[Scraped caption text data]

──────

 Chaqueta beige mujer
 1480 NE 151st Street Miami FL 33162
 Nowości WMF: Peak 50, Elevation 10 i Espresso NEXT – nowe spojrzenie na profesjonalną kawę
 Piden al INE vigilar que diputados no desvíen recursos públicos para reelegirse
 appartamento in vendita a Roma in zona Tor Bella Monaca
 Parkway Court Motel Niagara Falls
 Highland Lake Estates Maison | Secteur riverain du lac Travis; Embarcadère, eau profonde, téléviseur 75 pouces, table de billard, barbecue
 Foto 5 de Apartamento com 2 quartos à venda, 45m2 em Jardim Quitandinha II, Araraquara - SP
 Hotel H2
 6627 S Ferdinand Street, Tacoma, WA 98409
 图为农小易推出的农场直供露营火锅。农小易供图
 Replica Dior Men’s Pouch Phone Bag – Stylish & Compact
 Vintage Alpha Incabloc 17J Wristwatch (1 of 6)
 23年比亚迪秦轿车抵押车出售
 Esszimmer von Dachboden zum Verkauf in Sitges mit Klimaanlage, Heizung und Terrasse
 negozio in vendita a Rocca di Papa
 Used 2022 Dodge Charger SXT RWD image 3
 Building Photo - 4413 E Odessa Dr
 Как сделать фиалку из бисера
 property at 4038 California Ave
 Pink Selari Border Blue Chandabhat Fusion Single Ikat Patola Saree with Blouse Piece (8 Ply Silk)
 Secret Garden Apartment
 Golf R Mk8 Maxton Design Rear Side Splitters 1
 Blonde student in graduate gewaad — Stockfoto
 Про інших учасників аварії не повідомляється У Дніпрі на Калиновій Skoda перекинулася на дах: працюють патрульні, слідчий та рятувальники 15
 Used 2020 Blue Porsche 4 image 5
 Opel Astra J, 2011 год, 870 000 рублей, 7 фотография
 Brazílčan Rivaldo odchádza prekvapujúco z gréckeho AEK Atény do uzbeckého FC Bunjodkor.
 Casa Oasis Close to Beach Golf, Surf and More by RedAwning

──────

WORK REQUEST: Lines from the beginning of the data above through the line containing "Как сделать фиалку из бисера" are to be returned exactly, and no others.

EXERCISE OUTPUT:
 Chaqueta beige mujer
 1480 NE 151st Street Miami FL 33162
 Nowości WMF: Peak 50, Elevation 10 i Espresso NEXT – nowe spojrzenie na profesjonalną kawę
 Piden al INE vigilar que diputados no desvíen recursos públicos para reelegirse
 appartamento in vendita a Roma in zona Tor Bella Monaca
 Parkway Court Motel Niagara Falls
 Highland Lake Estates Maison | Secteur riverain du lac Travis; Embarcadère, eau profonde, téléviseur 75 pouces, table de billard, barbecue
 Foto 5 de Apartamento com 2 quartos à venda, 45m2 em Jardim Quitandinha II, Araraquara - SP
 Hotel H2
 6627 S Ferdinand Street, Tacoma, WA 98409
 图为农小易推出的农场直供露营火锅。农小易供图
 Replica Dior Men’s Pouch Phone Bag – Stylish & Compact
 Vintage Alpha Incabloc 17J Wristwatch (1 of 6)
 23年比亚迪秦轿车抵押车出售
 Esszimmer von Dachboden zum Verkauf in Sitges mit Klimaanlage, Heizung und Terrasse
 negozio in vendita a Rocca di Papa
 Used 2022 Dodge Charger SXT RWD image 3
 Building Photo - 4413 E Odessa Dr
 Как сделать фиалку из бисера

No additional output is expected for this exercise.